- Born: James Alexander Malcolm Caldwell 27 September 1931 Stirling, Scotland
- Died: 23 December 1978 (aged 47) Phnom Penh, Democratic Kampuchea
- Cause of death: Murder by shooting
- Occupations: Writer, activist
- Political party: Labour

= Malcolm Caldwell =

Scottish Marxist academic (1931–1978)

James Alexander Malcolm Caldwell (27 September 1931 – 23 December 1978) was a Scottish academic and a prolific Marxist writer. He was a consistent critic of American foreign policy, a campaigner for Asian communist and socialist movements and a supporter of the Khmer Rouge. Caldwell was murdered a few hours after meeting Pol Pot in Cambodia. His murder is generally attributed to the Khmer Rouge regime, though the exact chain of command remains unclear.

==Early life and career==
Malcolm Caldwell was born in Stirling, Scotland, the son of a miner who later became an architect. He was educated at Kirkcudbright Academy, where he was Dux in 1949. He obtained degrees from the University of Nottingham and the University of Edinburgh. He completed two years' national service in the British Army, becoming a sergeant in the Army Educational Corps. In 1959, after being demobilized, he joined the School of Oriental and African Studies at the University of London as a Research Fellow. Although he was met with conservative opposition within the school, he remained on its faculty throughout his life. As well as being an academic, he was an energetic and committed radical political activist. He chaired the British Campaign for Nuclear Disarmament from 1968 to 1970. He was dedicated to criticising Western foreign policy and capitalist economics, paying particular attention to American policy. He was a founding editor of the Journal of Contemporary Asia, a journal concerned with revolutionary movements in Asia. In 1978, Caldwell was one of the Labour Party candidates in St Mary's ward in the local elections for the Bexley London Borough Council.

==Murder in Cambodia==
Caldwell was one of the staunchest defenders of the Pol Pot regime. He frequently downplayed reports of mass executions by the Khmer Rouge in Cambodia, and was widely criticised by numerous authorities for doing so.

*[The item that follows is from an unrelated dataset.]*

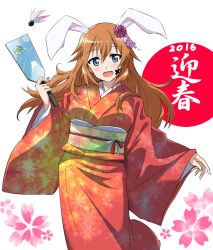Rule 34 | 10s, 1girl, 2016, :d, animal ears, blue eyes, charlotte e. yeager, facepaint, flower, hagoita, hair flower, hair ornament, hanetsuki, japanese clothes, kimono, long hair, looking at viewer, new year, obi, open mouth, orange hair, paddle, rabbit ears, rabbit girl, sash, smile, solo, strike witches, world witches series, yumekaranigeruna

In December 1978, Caldwell was a member, along with Elizabeth Becker and Richard Dudman, of one of the few groups of Western journalists and writers invited to visit Cambodia since the Khmer Rouge had taken power in April 1975. The three visitors were given a highly structured tour of the country. "We traveled in a bubble", wrote Becker. "No one was allowed to speak to me freely." On 22 December, Caldwell had a private audience with Pol Pot, the leader of Cambodia. After the meeting, he came back to the guesthouse in Phnom Penh where the three were staying in a mood described by Becker as "euphoric". At about 11:00 p.m. that night, Becker was awakened by the sound of gunfire. She stepped out of her bedroom and saw a heavily armed Cambodian man who pointed a pistol at her. She ran back into her room and heard people moving and more gunshots. An hour later a Cambodian came to her bedroom door and told her that Caldwell was dead. She and Dudman went to his room. He had been shot in the chest, and the body of a Cambodian man was also in the room, possibly the same man who had pointed the pistol at Becker.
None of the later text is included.